Chainlink’s native token, LINK, has jumped 6% in the past day while Bitcoin and Ethereum prices hold steady.
The LINK token is changing hands at $11.01 at the time of writing, according to CoinGecko, having recently settled at a market capitalization of $6.1 billion. The token has roughly doubled its market capitalization since June this year. But it’s still a far way off its all-time high of $22 billion—last seen in May 2021.
Chainlink has been particularly buoyant since debuting its Cross-Chain Interoperability Protocol (CCIP) in July, which is aimed at simplifying cross-chain transactions.
Its early adopters include Avalanche, Ethereum, Optimism, Polygon, as well as DeFi lending protocols Aave and Synthetix. And in September, Chainlink integrated CCIP into the Coinbase-incubated Ethereum layer-2 network Base.
At the time of writing, the world’s oldest and largest crypto asset Bitcoin was trading at $33,654.77 and sitting at a market capitalization of $657 billion. Although it’s down 4% from its high of $35,000 on Wednesday and down 1.5% in the past day, the coin is still up 14% from where it was a week ago.
The main cause of Bitcoin’s soaring price: Mounting hype and certainty among investors that the SEC will soon approve a spot Bitcoin ETF for trading. An exchange-traded fund is publicly traded, like a stock, but tracks the performance of an underlying asset or index rather than just one company.
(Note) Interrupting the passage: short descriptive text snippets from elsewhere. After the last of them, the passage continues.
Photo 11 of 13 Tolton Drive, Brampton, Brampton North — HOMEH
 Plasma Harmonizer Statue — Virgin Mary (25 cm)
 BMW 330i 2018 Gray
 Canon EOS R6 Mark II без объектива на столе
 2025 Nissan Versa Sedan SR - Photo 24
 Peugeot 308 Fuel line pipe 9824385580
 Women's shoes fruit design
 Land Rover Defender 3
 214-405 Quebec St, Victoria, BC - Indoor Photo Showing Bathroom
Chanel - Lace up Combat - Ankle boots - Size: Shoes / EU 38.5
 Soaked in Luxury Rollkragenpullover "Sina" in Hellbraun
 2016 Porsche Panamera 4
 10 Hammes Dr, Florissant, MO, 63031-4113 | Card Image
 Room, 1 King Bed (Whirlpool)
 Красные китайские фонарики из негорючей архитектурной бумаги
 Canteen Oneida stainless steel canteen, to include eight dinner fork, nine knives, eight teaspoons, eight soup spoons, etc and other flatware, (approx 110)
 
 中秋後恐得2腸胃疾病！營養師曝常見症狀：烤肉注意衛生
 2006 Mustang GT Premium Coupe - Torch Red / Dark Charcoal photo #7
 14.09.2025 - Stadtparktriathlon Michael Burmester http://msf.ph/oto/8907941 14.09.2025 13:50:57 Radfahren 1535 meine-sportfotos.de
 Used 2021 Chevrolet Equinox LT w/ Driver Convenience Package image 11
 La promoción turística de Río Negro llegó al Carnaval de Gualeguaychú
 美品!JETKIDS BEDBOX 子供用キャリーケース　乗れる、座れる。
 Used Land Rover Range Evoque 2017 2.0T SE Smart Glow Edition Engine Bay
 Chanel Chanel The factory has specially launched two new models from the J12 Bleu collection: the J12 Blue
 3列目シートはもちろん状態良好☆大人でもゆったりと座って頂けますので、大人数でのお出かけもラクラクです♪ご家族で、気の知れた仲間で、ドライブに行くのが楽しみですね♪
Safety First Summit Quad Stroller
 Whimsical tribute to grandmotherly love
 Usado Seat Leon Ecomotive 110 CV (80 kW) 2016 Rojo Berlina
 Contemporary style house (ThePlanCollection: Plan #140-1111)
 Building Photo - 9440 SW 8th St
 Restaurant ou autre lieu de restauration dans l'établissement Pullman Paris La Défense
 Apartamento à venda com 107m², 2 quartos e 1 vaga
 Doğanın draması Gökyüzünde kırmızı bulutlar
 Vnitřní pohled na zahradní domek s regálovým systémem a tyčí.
Meanwhile, Ethereum is sitting 1.6% below what it was yesterday, trading at $1,757.70 at the time of writing. Goldman Sachs analysts recently said they were optimistic about the network’s Dencun upgrade, even if it is expected to be delayed until 2024.
“Dencun’s primary impact will be to increase its data availability for layer-2 rollups via proto-danksharding, resulting in a reduction of rollup transaction costs which will be passed on to end users,” the bank wrote in an analysts note this week.
Layer-2 rollups allow unprocessed transactions to be batched, sent to another blockchain, like Optimism or Arbitrum, for settlement. Then receipts for the transactions are sent back to Ethereum mainnet. It’s meant to improve the overall scalability of the Ethereum network, which has in the past been prone to congestion and high transaction costs.